Mean change in minimum wage from before to after between NJ and PA is 2.75 FTE employees.
OLS <- lm(demp ~ state, fastfood)
summary(OLS)
##
## Call:
## lm(formula = demp ~ state, data = fastfood)
##
## Residuals:
## Min 1Q Median 3Q Max
## -39.217 -3.967 0.533 4.533 33.533
##
## Coefficients:
## Estimate Std. Error t value Pr(>|t|)
## (Intercept) -2.283 1.036 -2.205 0.0280 *
## state 2.750 1.154 2.382 0.0177 *
## ---
## Signif. codes: 0 '***' 0.001 '**' 0.01 '*' 0.05 '.' 0.1 ' ' 1
##
## Residual standard error: 8.968 on 382 degrees of freedom
## (26 observations deleted due to missingness)
## Multiple R-squared: 0.01464, Adjusted R-squared: 0.01206
## F-statistic: 5.675 on 1 and 382 DF, p-value: 0.01769
OLS also have the same DiD estimator (state) and its coefficient is 2.75.

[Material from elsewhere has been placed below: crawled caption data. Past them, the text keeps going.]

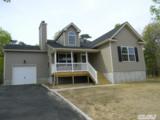 Listing photo for 
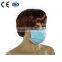 Anti Smoking Disposable Medical Mask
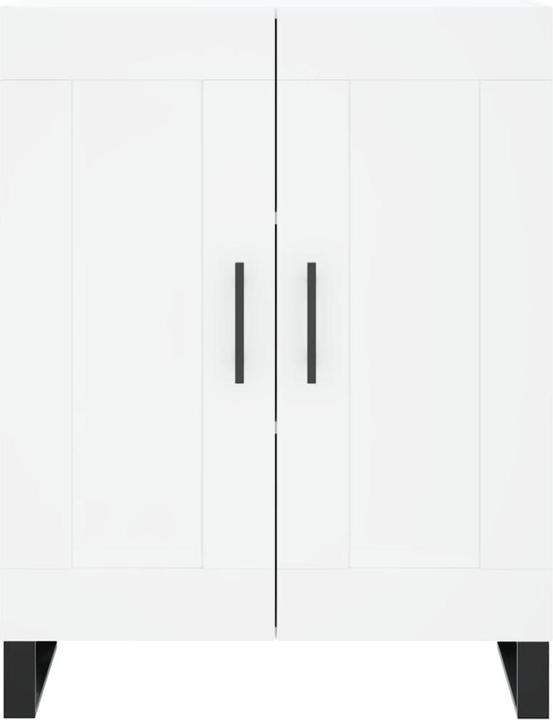 Produktbild vidaXL Sideboard (69.50 x 34 x 90 cm)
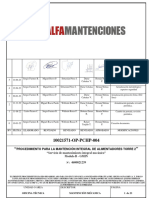 10021571-Op-Pchp-004 - Mantenimiento Integral Alimentadores Torre 2 V5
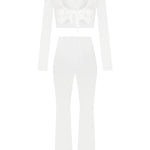 LEA BOLERO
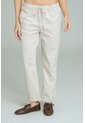 Pantalon Julie Beige Ragged Pf11310943 de Ragged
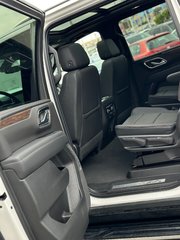 2022 Chevrolet Suburban in Pickering, Ontario - 17 - w320h240px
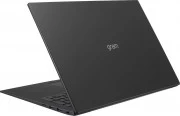 LG GRAM 2023 17Z90R i7 13gen/16GB/1TB/Win11 black (17Z90R-G.AA78Y)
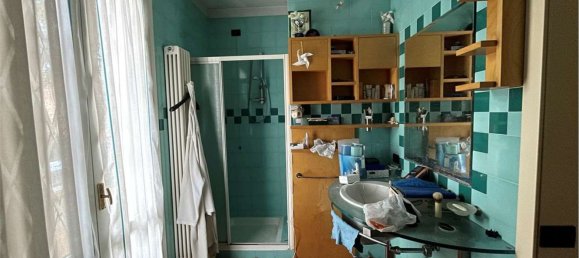 9 rooms Villa in Sassuolo, Italy No. 128998 19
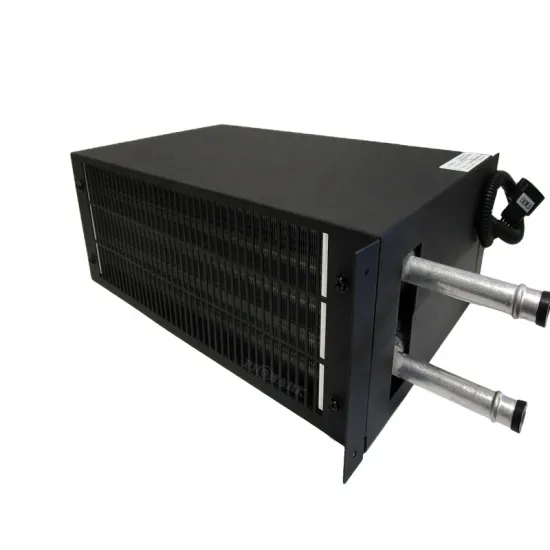 ProAir Heater 460 Upright Truck Heater 12 Volt, 9 Amp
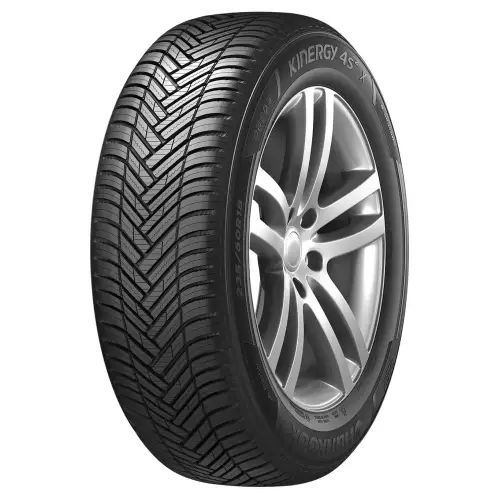 HANKOOK H750A KINERGY 4S2 X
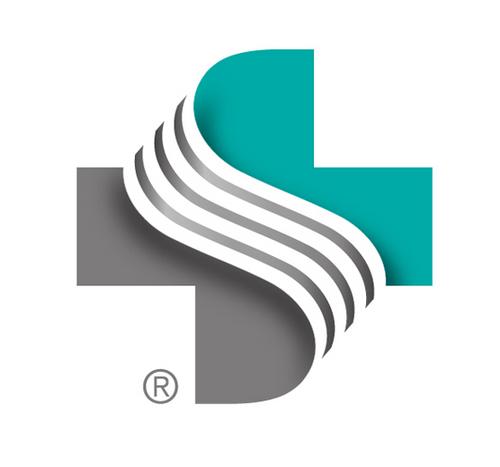 Sutter Health launches name, tagline for new HMO, Sutter Health Plus ...
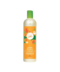 Pet Silk - Golden Turmeric conditioner - 473 ml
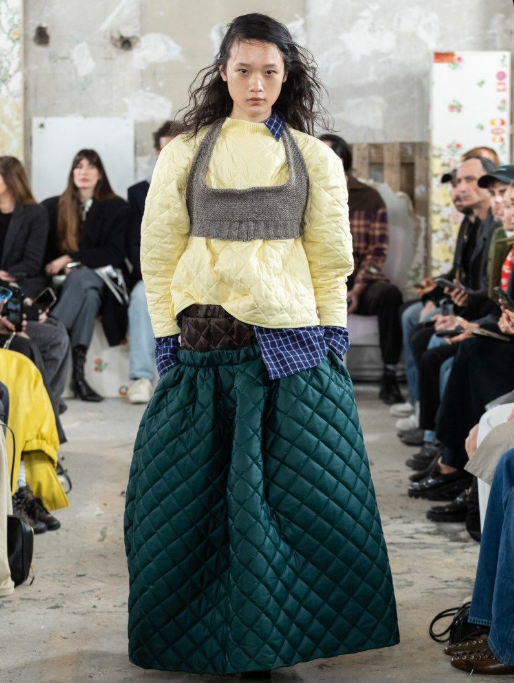 Источник фото:https://ru.pinterest.com/pin/56224695343552439/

FTElong<-reshape(fastfood,
direction = 'long',
varying = c("emptot", "wage_st", "emptot2", "wage_st2"),
v.names = c('emptot', 'wage'),
timevar = "treatment",
times = c(0,1),
idvar="groupid")
head(FTElong)
## id state demp chain bk kfc roys wendys treatment emptot wage groupid
## 1.0 46 0 -16.50 1 1 0 0 0 0 40.50 NA 1
## 2.0 49 0 -2.25 2 0 1 0 0 0 13.75 NA 2
## 3.0 506 0 2.00 2 0 1 0 0 0 8.50 NA 3
## 4.0 56 0 -14.00 4 0 0 0 1 0 34.00 5.0 4
## 5.0 61 0 11.50 4 0 0 0 1 0 24.00 5.5 5
## 6.0 62 0 NA 4 0 0 0 1 0 20.50 5.0 6
#Linear models for panel data
library(plm)
plm <- plm(emptot ~ state + treatment + state*treatment, FTElong, index=c("id"))
summary(plm)
## Oneway (individual) effect Within Model
##
## Call:
## plm(formula = emptot ~ state + treatment + state * treatment,
## data = FTElong, index = c("id"))
##
## Unbalanced Panel: n = 409, T = 1-4, N = 794
##
## Residuals:
## Min. 1st Qu. Median 3rd Qu. Max.
## -19.6083 -1.9833 0.0000 1.9833 19.6083
##
## Coefficients:
## Estimate Std. Error t-value Pr(>|t|)
## state 0.8750 6.3674 0.1374 0.89077
## treatment -2.2833 1.0355 -2.2050 0.02805 *
## state:treatment 2.7500 1.1544 2.3823 0.01769 *
## ---
## Signif. codes: 0 '***' 0.001 '**' 0.01 '*' 0.05 '.' 0.1 ' ' 1
##
## Total Sum of Squares: 15595
## Residual Sum of Squares: 15360
## R-Squared: 0.015019
## Adj. R-Squared: -1.0447
## F-statistic: 1.94162 on 3 and 382 DF, p-value: 0.12237
DiD estimator is 2.75 and it is the same as the OLS estimator and the result from Table 3.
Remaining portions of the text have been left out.